Kieron Flanagan, senior lecturer in science and technology policy at the Alliance Manchester Business School, says that after the referendum many people thought participation in research programmes would continue. ‘But this has all changed now with the prospect of a hard Brexit. It will make negotiating full access to programmes very difficult.’
We could end up with a ‘monoculture’ funding system
Kieron Flanagan, Alliance Manchester Business School
Steele agrees and says one recent example is informative. ‘Switzerland’s access to Horizon 2020 was suspended after a referendum narrowly came down against freedom of movement. If this really is a red line in negotiations, it’s very hard to see how we could maintain our participation.’ Switzerland subsequently relaxed its migration rules and rejoined the science schemes. ‘If the UK is given any better deal, Switzerland would be greatly aggrieved,’ Davidson says.The UK has indicated it will not accept freedom of movement once outside the EU.
The UK is a net beneficiary of EU research programmes. Under the 2007–2013 Framework Programme 7, the UK won around €8.8 billion in grants, while paying in around €5.4 billion. The country is also one of the main players in Horizon 2020, securing over 16% of funding. EU funds now make up 17% of the total science research grants in UK Higher Education Institutes (HEIs). Significantly, a huge 73% of the increase in HEI science funding from 2007–2014 can be assigned to EU sources.
‘If we lose access to all EU funding, the new £2 billion per year committed by the government would just about cover the losses in financial terms,’ says Steele, ‘but it is very unlikely to replace the vital international collaborative role of EU funding, nor be as supportive of basic research.’

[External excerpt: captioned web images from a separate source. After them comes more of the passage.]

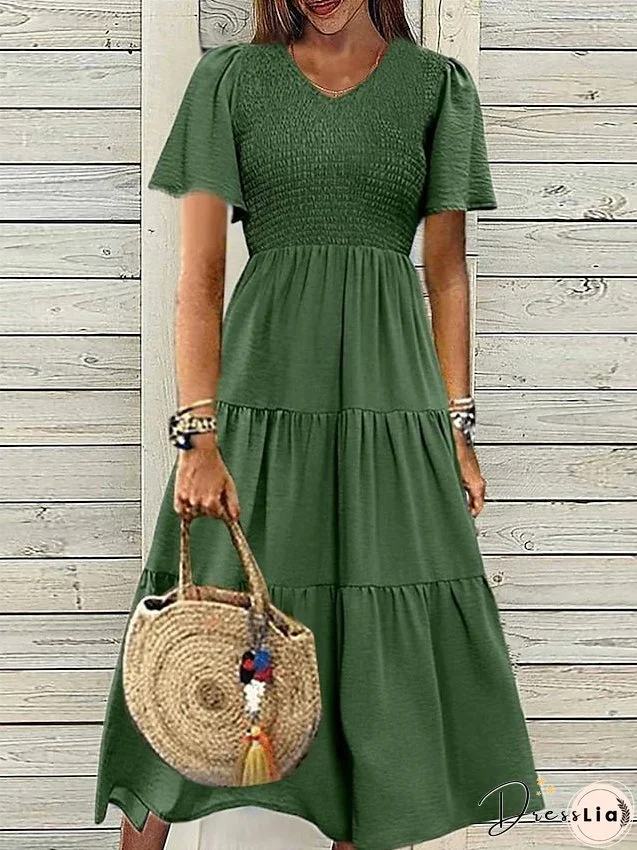Casual Dress Summer Dress Midi Dress Ruched Ruffle Daily Date Going out Fashion Modern V Neck Short Sleeve Regular Fit Black White Red Color S M L XL XXL Size for Women
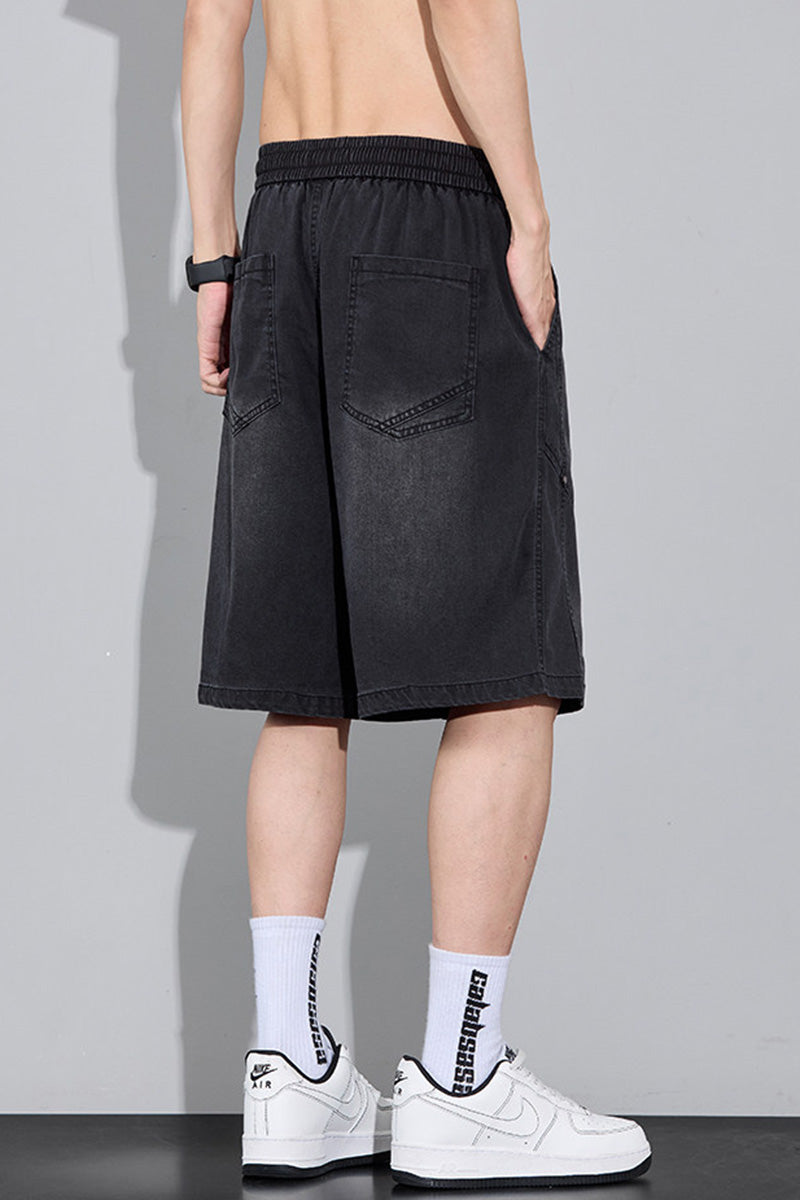 Bermuda Homme en Denim Tencel – Coupe Droite Ample, Léger et Respirant, Style Streetwear Tendance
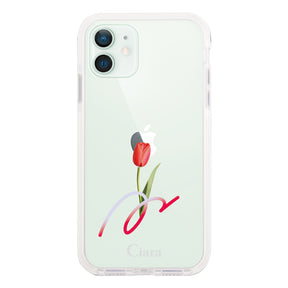 iPhone12mini クッションバンパー 耐衝撃クリアケース チューリップ レッド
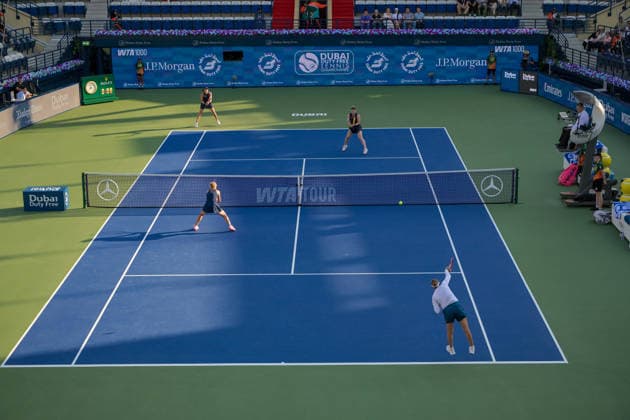 2026 Dubai Duty Free Tennis Championships DUBAI, UAE - FEBRUARY 21: German tennis player Laura Siegemund and Russian tennis player Vera Zvonareva compete against Canadian tennis player Gabriela Dabrowski and Brazilian tennis player Luisa Stefani in the women’s doubles final of the Dubai Duty Free Tennis Championships at the Dubai Duty Free Tennis Stadium in Dubai, United Arab Emirates, on February 21, 2026. Waleed Zein Anadolu Dubai United Arab Emirates. Editorial use only. Please get in touch for any other usage.  Copyright: x2026xAnadoluxWaleedxZeinx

While the government’s funding injection is welcome and unprecedented, Flanagan says, details on how the money will be spent remain vague. ‘A majority of it will go on industrial strategy priorities, which as fine as the UK has a bit of a gap in funding there, but where will the rest go? I would be surprised if it went into the traditional funding system of responsive grants.’ But it’s not just about the money, adds Flanagan. The UK is moving from being one of the most diverse funding systems in the world to one of the narrowest. ‘The EU funds research that is different and complementary to national funders, but that is going to be lost. At the same time, the research councils are merging into one body so diversity will be lost there too. We could end up with a “monoculture” funding system.’
However, Emma Raven, head of the department of chemistry at the University of Leicester is more positive. ‘It’s difficult to say, at the present time, what the impact on funding will be. The new Global Challenges Research Fund might help, but it will take time for these new schemes to bed in. There will likely be opportunities to develop relationships with different partner countries.’
‘Brexit will end up in the fullness of time – assuming it is so-called hard Brexit – being a total disaster for the UK and for Europe,’ says chemistry Nobel prize winner Fraser Stoddart. ‘History will not be kind to the politicians in the UK who have orchestrated this fiasco.’ He adds: ‘If I was running a research group in the UK with a large component of students from different countries, as I do presently in the US, I would be looking to leave as quickly as possible. Doing cutting-edge research is all about people. It is not about money.’
The long-term effects of Brexit are impossible to predict, says Welton. ‘There is no way of knowing how high up the issues of importance to science will be on the government’s agenda. I suspect not very high. So we will end up having to make the best of decisions that are made for other reasons.’